### EXERCISE AIM
Using the records below, return exactly the lines from the one containing "Cenaze çıkışı kabusu" through the last, and omit pictures.

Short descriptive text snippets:
___

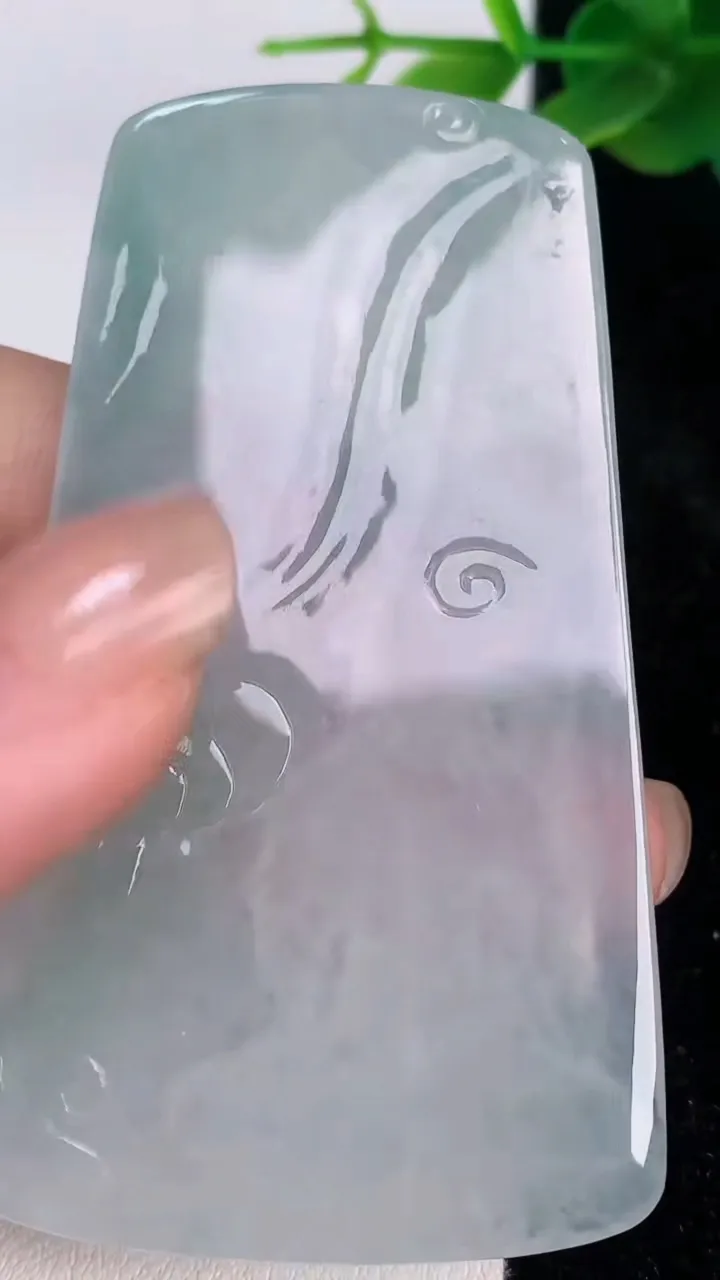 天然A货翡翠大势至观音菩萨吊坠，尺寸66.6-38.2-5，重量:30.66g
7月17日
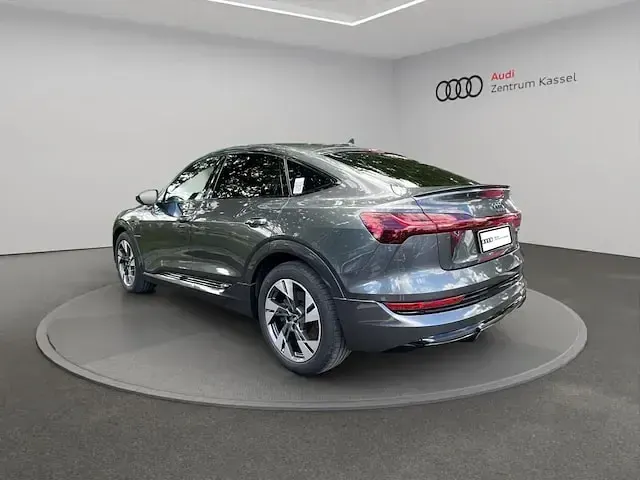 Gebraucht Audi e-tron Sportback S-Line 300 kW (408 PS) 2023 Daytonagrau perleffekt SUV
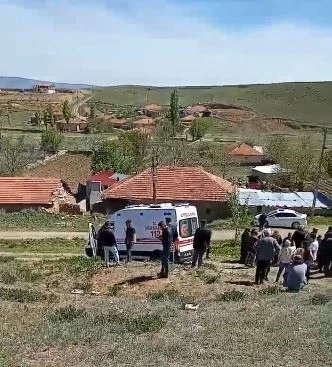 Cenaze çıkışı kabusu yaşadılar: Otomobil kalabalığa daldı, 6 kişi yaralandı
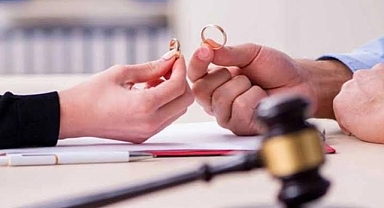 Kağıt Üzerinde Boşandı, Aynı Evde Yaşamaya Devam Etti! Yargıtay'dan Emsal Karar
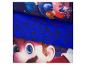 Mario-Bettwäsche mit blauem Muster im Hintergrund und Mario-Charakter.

___

### WRITTEN ANSWER
 Cenaze çıkışı kabusu yaşadılar: Otomobil kalabalığa daldı, 6 kişi yaralandı
 Kağıt Üzerinde Boşandı, Aynı Evde Yaşamaya Devam Etti! Yargıtay'dan Emsal Karar
 Mario-Bettwäsche mit blauem Muster im Hintergrund und Mario-Charakter.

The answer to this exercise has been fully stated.